Design and construction
- Architect: James Trubshaw

= Ashcombe Park, Staffordshire =

Country house in Cheddleton, Staffordshire, England

Ashcombe Park is a country house and estate near Cheddleton, in Staffordshire, England.

The house is a Grade II* listed building, listed on 2 May 1953.

==History and description==
Ashcombe Park House was built from 1807 to 1811 for William Sneyd, after his marriage to Jane Debank.

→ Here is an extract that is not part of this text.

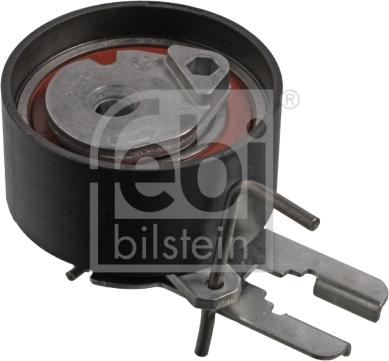 Febi Bilstein 19511 - Tensioner Pulley, timing belt car-mod.net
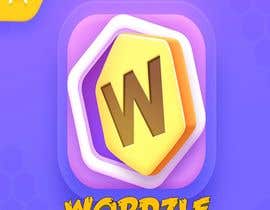 #146 Create an app icon for a word game részére Youssefgamal5 által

The architect and builder was James Trubshaw. The parkland around the house was designed at about this time; the fishponds date from the 1860s. The property was late owned by Dryden Sneyd, and remained in the Sneyd family until 1936.

The house is faced with sandstone ashlar, and has a Tuscan porte-cochère, said to have been moved from another Sneyd house, Belmont Hall in Cheadle. There is a walled garden, and the parkland is surrounded by a stone wall.

===Botham Hall===
On the site today occupied by Ashcombe Park House, once stood a 16th-century residence, Botham Hall, that was surrounded by a deer park. It was an "Elizabethan stone mansion with many gables and mullioned windows of no mean character".

Botham Hall and Mossley Hall, the principal residences in Cheddleton, were the seats of the Hollins family, which were connected through marriage. Botham's owner, William Joliffe, was the brother of Margaret Joliffe, who married John Hollins of Mossley Hall. In the early 17th century, it was the home of William Joliffe, whose family held the Moiety of the lordship of Cheddleton. The hall remained part of the Joliffe family's property until it was sold under the provisions of Thomas Joliffe's will in 1765. In the late 18th century it was owned by the Debank family, before it was torn down in 1806 and replaced by Ashcombe Park.